Папа Пий VII реагировал на приглашение Наполеона с опаской. Феш склонил на свою сторону большинство римских кардиналов, и те не без труда уговорили Его Святейшество согласиться на вояж к повелителю Франции. Кардиналы утешали его примерами из истории, ссылаясь, в частности, на то, как папа Лев I Великий в 452 г., ради того чтобы спасти Рим, «поехал скрепя сердце даже навстречу Аттиле, вождю гуннов, который уже во всяком случае не мог очень превосходить своей благовоспитанностью, вежливостью и изяществом манер нового французского императора»[14]. Пий VII уступил скорее другому аргументу - услуга за услугу: надо короновать Наполеона в благодарность за Конкордат 1802 г., который снял революционные запреты с католической церкви во Франции.

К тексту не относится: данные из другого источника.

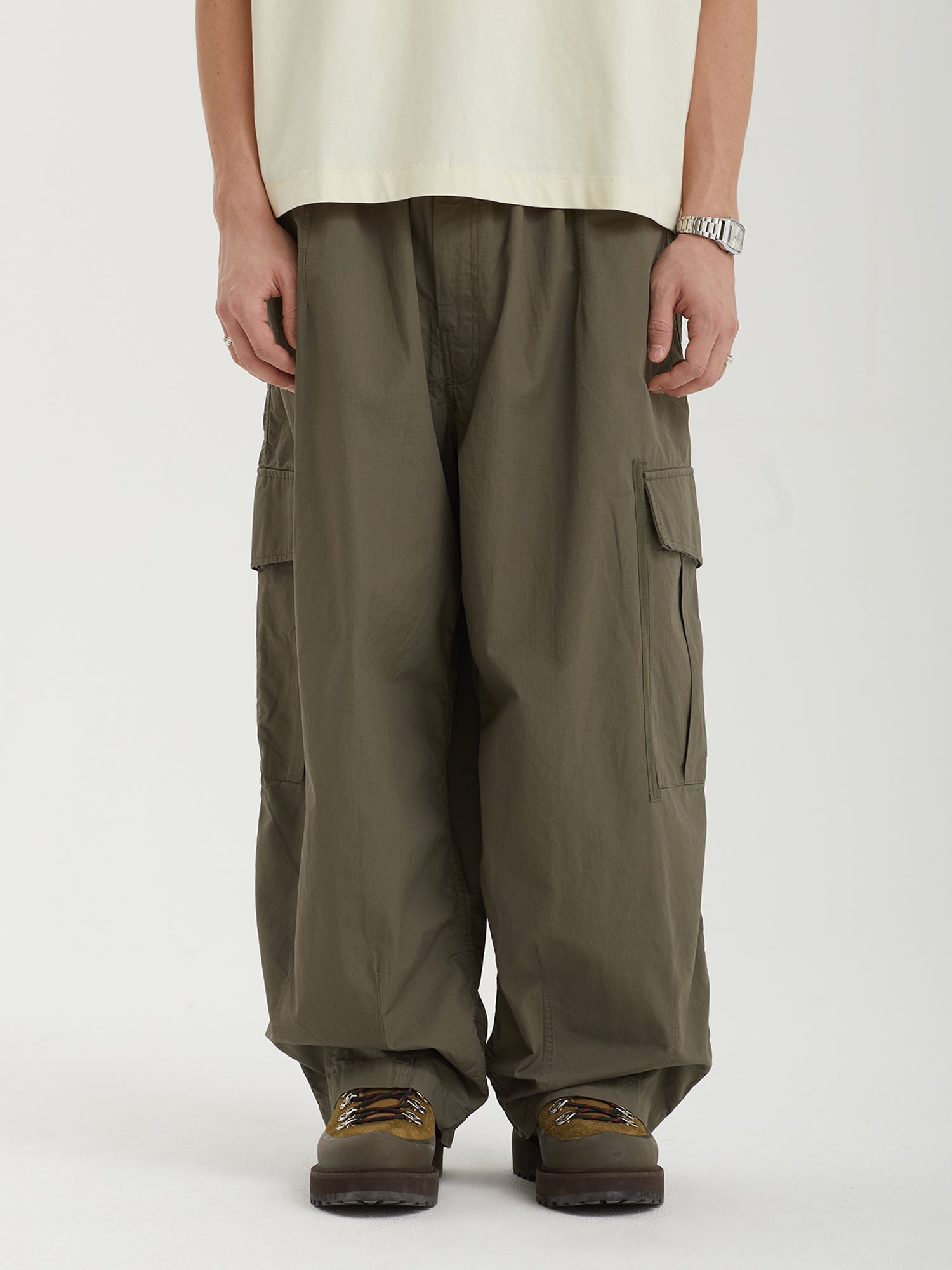 Product image by Kixbox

2 ноября 1804 г. Пий VII выехал из Рима со свитой из 100 священнослужителей. Наполеон встретил его 25 ноября в лесу Фонтенбло под Парижем[15]. Император был одет в охотничий костюм и окружен охотниками, псарями, собаками. Он остановил папский кортеж и пригласил Пия VII пересесть к нему в императорский экипаж. Папа в парадном одеянии и атласных туфлях вышел из своей кареты на дорогу (В. Слоон подчеркивает: «прямо в грязь») и занял место рядом с Наполеоном в его коляске. Император приветствовал его, но, вопреки принятым тогда нормам этикета, не опустился перед папой на колени и не поцеловал его руку. Это могло шокировать Пия VII, но в Париже ему все понравилось: пышный прием, роскошные покои в Тюильри, обставленные точно так же, как папская резиденция в Риме, и подобающее его сану почтение со стороны всех и вся, включая членов семьи императора. Наполеон, пользуясь случаем, устроил аудиенцию у Его Святейшества своей любимой кормилице Камилле Илари.

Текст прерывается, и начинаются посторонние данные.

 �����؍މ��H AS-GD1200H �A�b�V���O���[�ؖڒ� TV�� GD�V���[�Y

В оставшиеся дни до коронации, назначенной на 2 декабря 1804 г., Наполеон обсудил с Пием VII важные детали коронационного обряда, а в последний момент успел решить вдруг всплывший перед ним вопрос ошеломляющей значимости. Судя по совокупности данных, которыми оперируют Ж. Тюлар, А. Кастело, В. Кронин, император заранее договорился с папой, что собственноручно возложит на себя корону[16], хотя Констан Вери, а вслед за ним и некоторые историки утверждают, будто Наполеон совершенно неожиданно «выхватил корону из рук Папы и сам нахлобучил ее себе на голову» (а потом и на голову Жозефины)[17]. Гораздо сложнее было решить другой вопрос - о коронации Жозефины.

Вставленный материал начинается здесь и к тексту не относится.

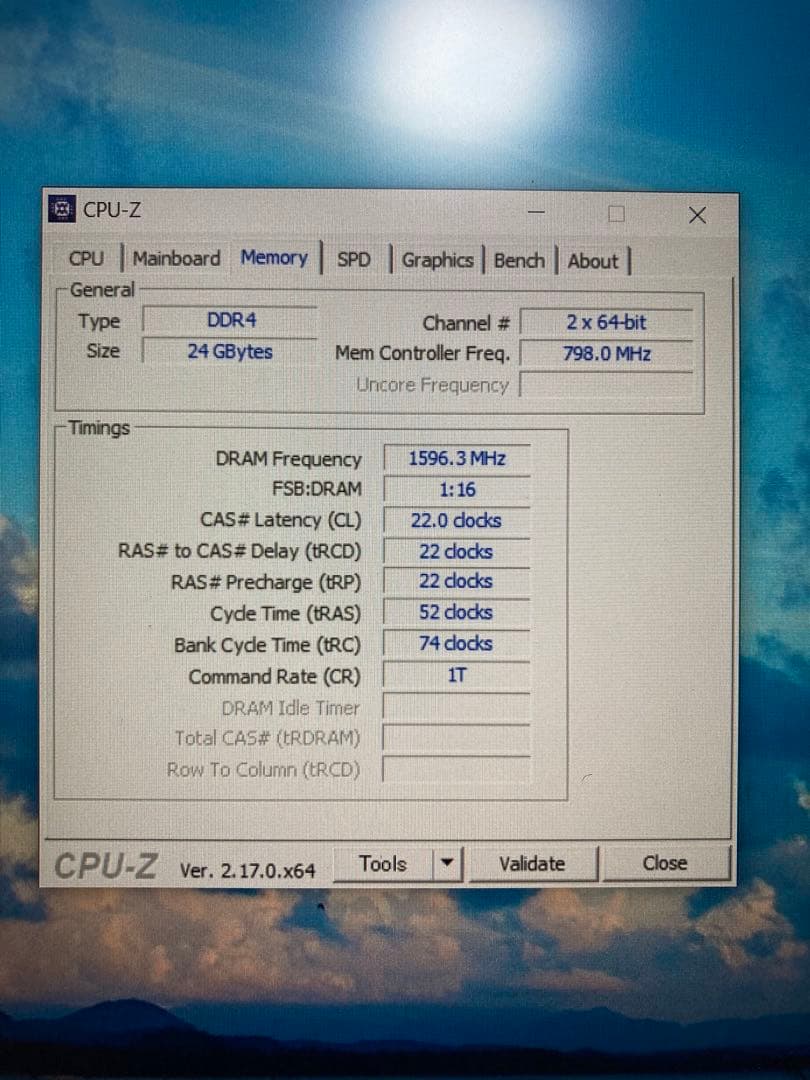 Dell Inspiron 14 Ryzen7/24GB/512GB 即決OK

Дело в том, что Жозефина сама призналась Пию VII, что она не венчана с Наполеоном церковным браком. Реакция папы на это признание испугала Жозефину. «Святой отец чуть не лишился чувств, - пишет об этом Андре Кастело. - Как же так! Его, посланца Христа на земле, наместника Господа, посмели вызвать за тысячу лье от Рима, чтобы помазать священным елеем двух людей, живущих в смертном грехе вот уже несколько лет?!»[18] Пий VII был настолько скандализирован таким попранием христианских норм брака, что заявил Наполеону со всей категоричностью: «Ничто не заставит меня обесчестить Святой престол и узаконить сожительство императора Франции с женщиной, которая в глазах Церкви - никто!» Теперь и Наполеон был озадачен: до коронации - считаные дни, что делать?! Папа сам подсказал ему: «Нужно немедленно провести обряд бракосочетания по церковным канонам с помощью опытного священника, иначе императрица останется без короны!» Так и было сделано: 1 декабря 1804 г., за день до коронации, у алтаря в кабинете Наполеона опытный священник обвенчал императора с его невенчаной супругой. Этим «опытным священником» был кардинал Феш[19].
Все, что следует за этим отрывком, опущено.